═══ Extracted records

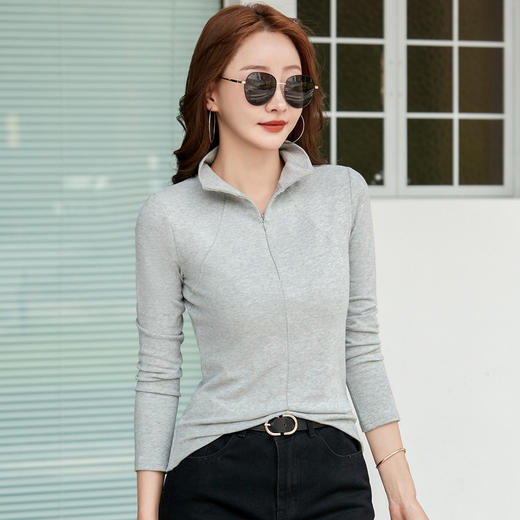 百媚生 棉质秋冬修身立领拉链内搭上衣T恤540 商品图3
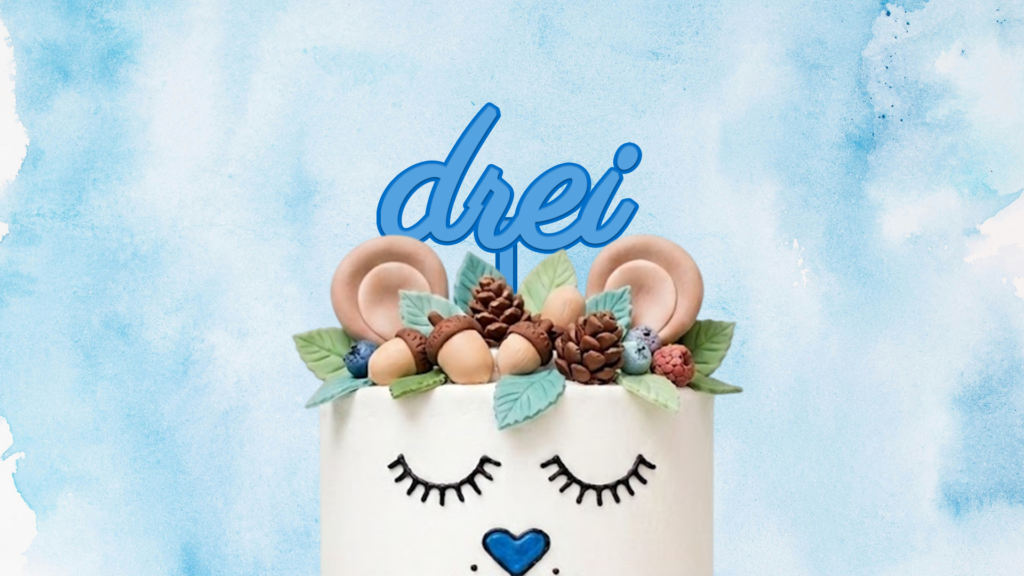 Cake Topper "Drei"
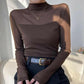 Women's Sparkle Mesh Sheer Long Sleeve Ruched Top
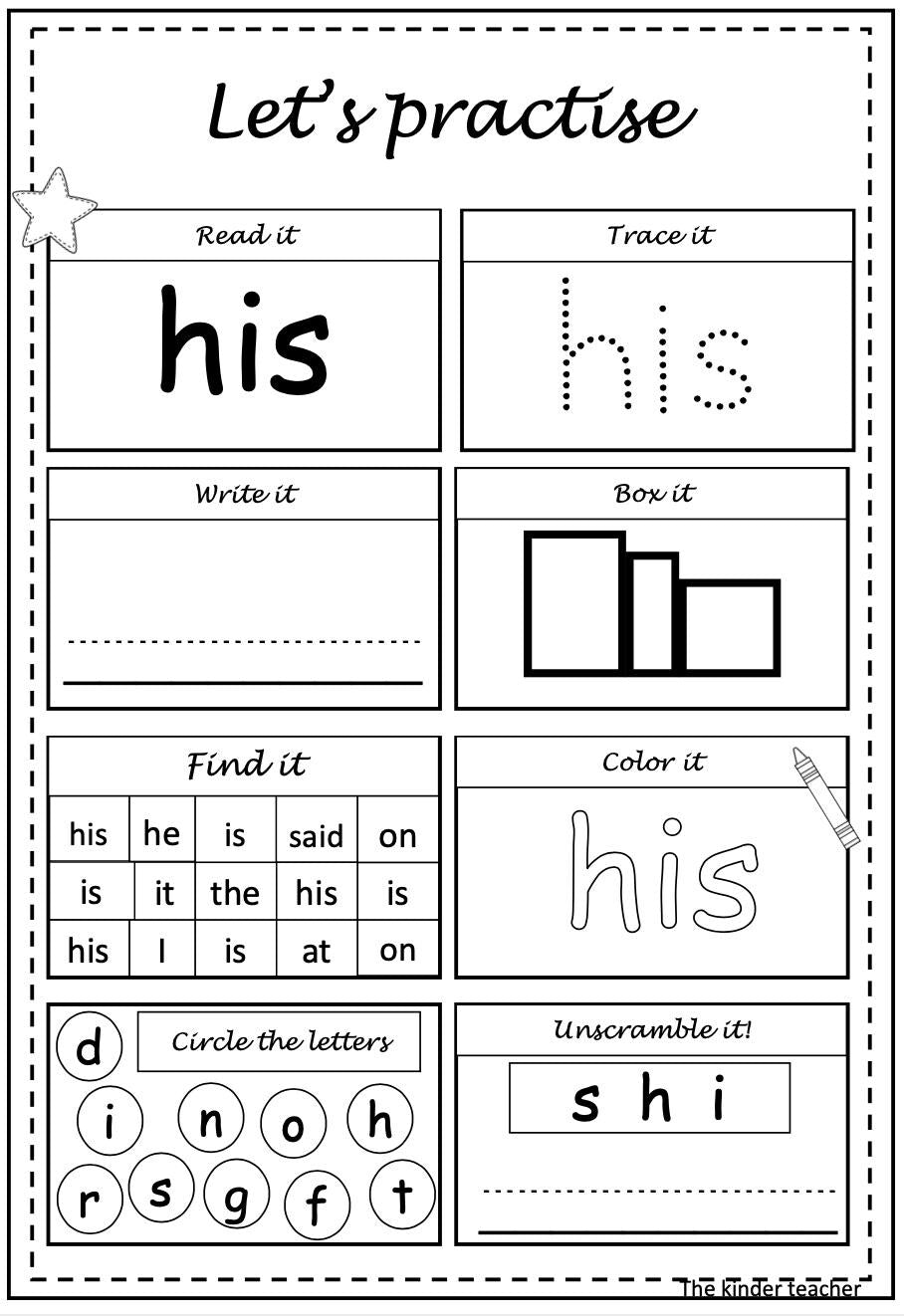 High frequency words booklet - 50 words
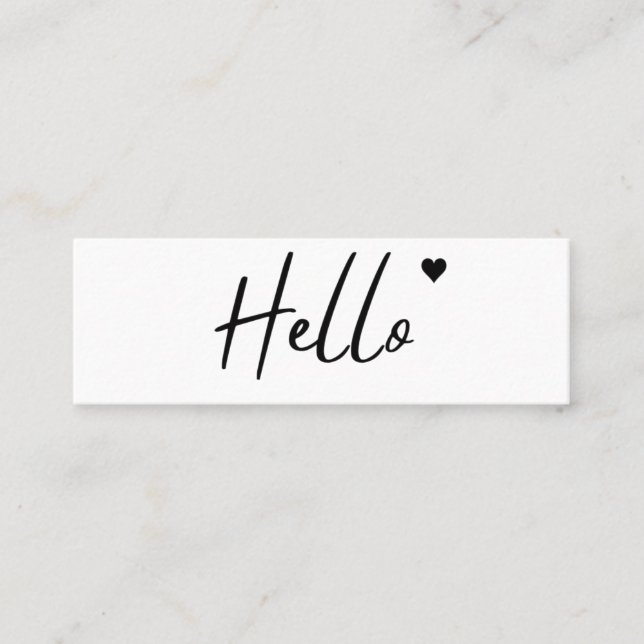 Minimal Hello Modern Heart Clean Simple White Mini Business Card (Front)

══════

What you have to do
Restate the entries verbatim and exclude any pictures.

Answer below
 百媚生 棉质秋冬修身立领拉链内搭上衣T恤540 商品图3
 Cake Topper "Drei"
 Women's Sparkle Mesh Sheer Long Sleeve Ruched Top
 High frequency words booklet - 50 words
 Minimal Hello Modern Heart Clean Simple White Mini Business Card (Front)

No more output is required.